» **Problem to solve**
A verbatim copy is needed of the lines below from the one containing "Next is the" up to and including the one containing "But before I", excluding pictures.

» **Source data**

=== Section Start ===

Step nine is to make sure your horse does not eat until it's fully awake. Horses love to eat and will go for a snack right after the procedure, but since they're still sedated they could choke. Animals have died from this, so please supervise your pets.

=== Section End ===
=== Section Start ===

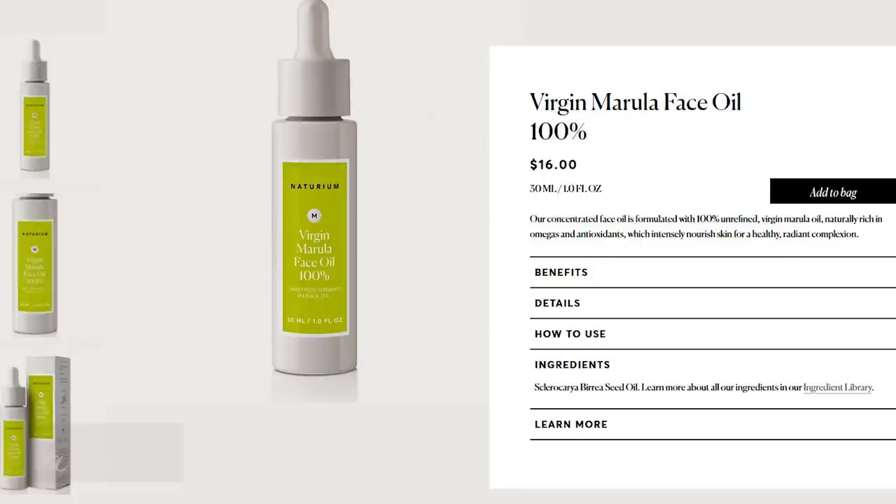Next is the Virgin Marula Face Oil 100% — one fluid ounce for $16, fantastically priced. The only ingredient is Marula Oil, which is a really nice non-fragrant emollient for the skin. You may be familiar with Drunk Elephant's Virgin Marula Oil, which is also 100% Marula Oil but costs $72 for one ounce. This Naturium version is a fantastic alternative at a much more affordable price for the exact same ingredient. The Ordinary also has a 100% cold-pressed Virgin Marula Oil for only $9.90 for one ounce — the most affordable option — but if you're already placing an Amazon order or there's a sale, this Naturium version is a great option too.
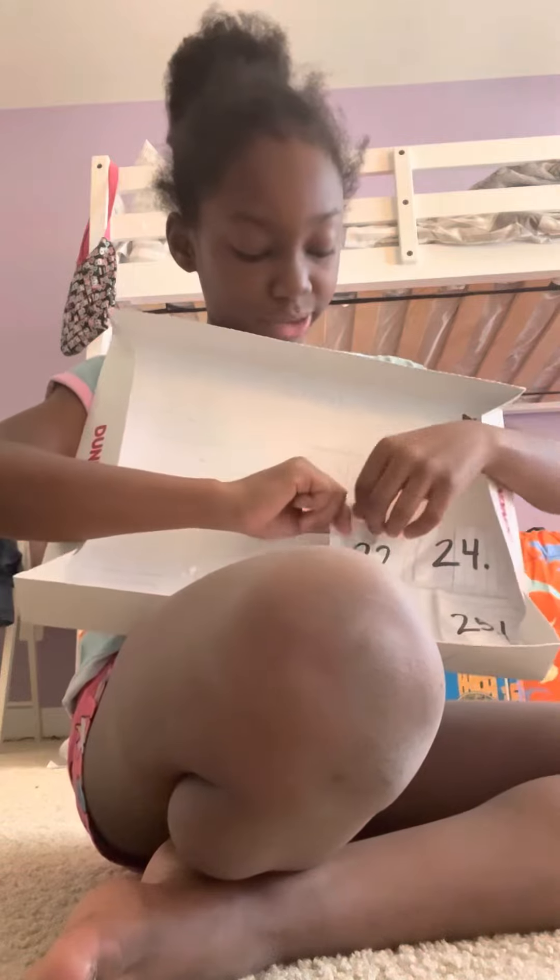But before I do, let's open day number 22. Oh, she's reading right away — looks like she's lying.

=== Section End ===
=== Section Start ===

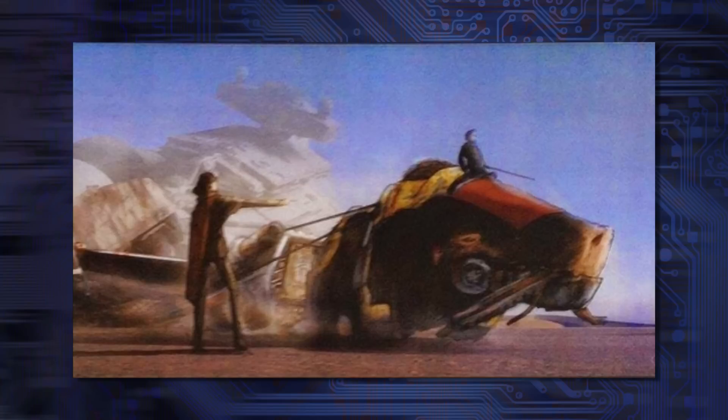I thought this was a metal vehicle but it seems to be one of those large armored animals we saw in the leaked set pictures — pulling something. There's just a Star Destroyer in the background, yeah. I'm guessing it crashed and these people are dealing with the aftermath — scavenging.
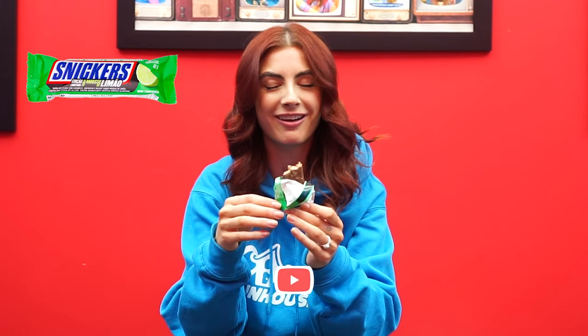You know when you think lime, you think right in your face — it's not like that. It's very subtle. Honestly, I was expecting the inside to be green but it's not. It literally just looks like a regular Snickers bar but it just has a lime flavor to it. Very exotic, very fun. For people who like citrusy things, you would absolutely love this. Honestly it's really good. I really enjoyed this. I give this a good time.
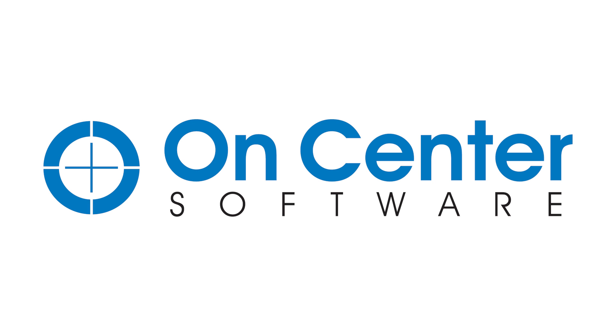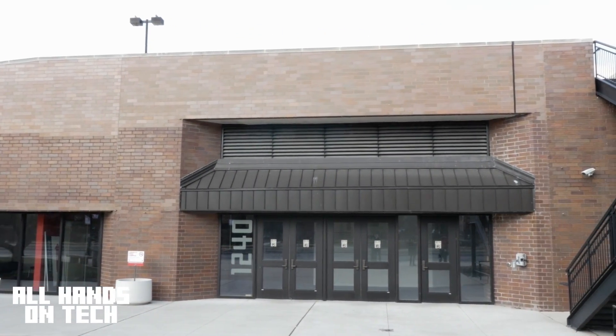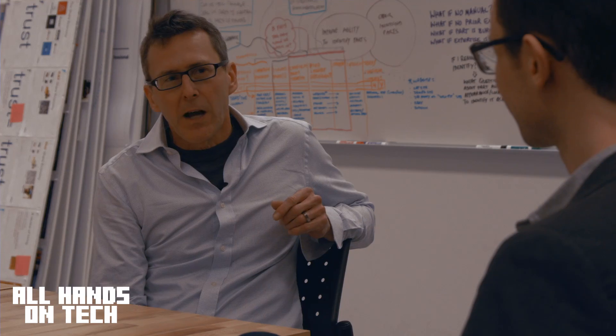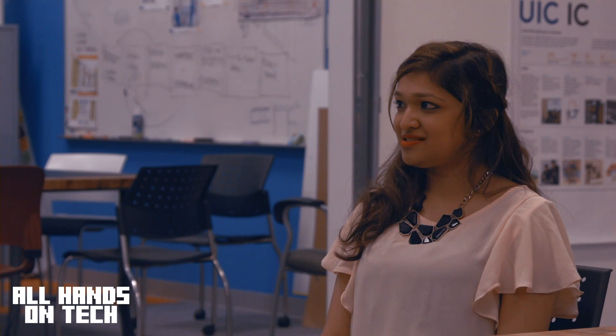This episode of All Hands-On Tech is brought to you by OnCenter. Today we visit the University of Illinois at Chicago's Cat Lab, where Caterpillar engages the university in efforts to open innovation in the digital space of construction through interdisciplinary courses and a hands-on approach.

=== Section End ===

» **Task output**
Next is the Virgin Marula Face Oil 100% — one fluid ounce for $16, fantastically priced. The only ingredient is Marula Oil, which is a really nice non-fragrant emollient for the skin. You may be familiar with Drunk Elephant's Virgin Marula Oil, which is also 100% Marula Oil but costs $72 for one ounce. This Naturium version is a fantastic alternative at a much more affordable price for the exact same ingredient. The Ordinary also has a 100% cold-pressed Virgin Marula Oil for only $9.90 for one ounce — the most affordable option — but if you're already placing an Amazon order or there's a sale, this Naturium version is a great option too.
But before I do, let's open day number 22. Oh, she's reading right away — looks like she's lying.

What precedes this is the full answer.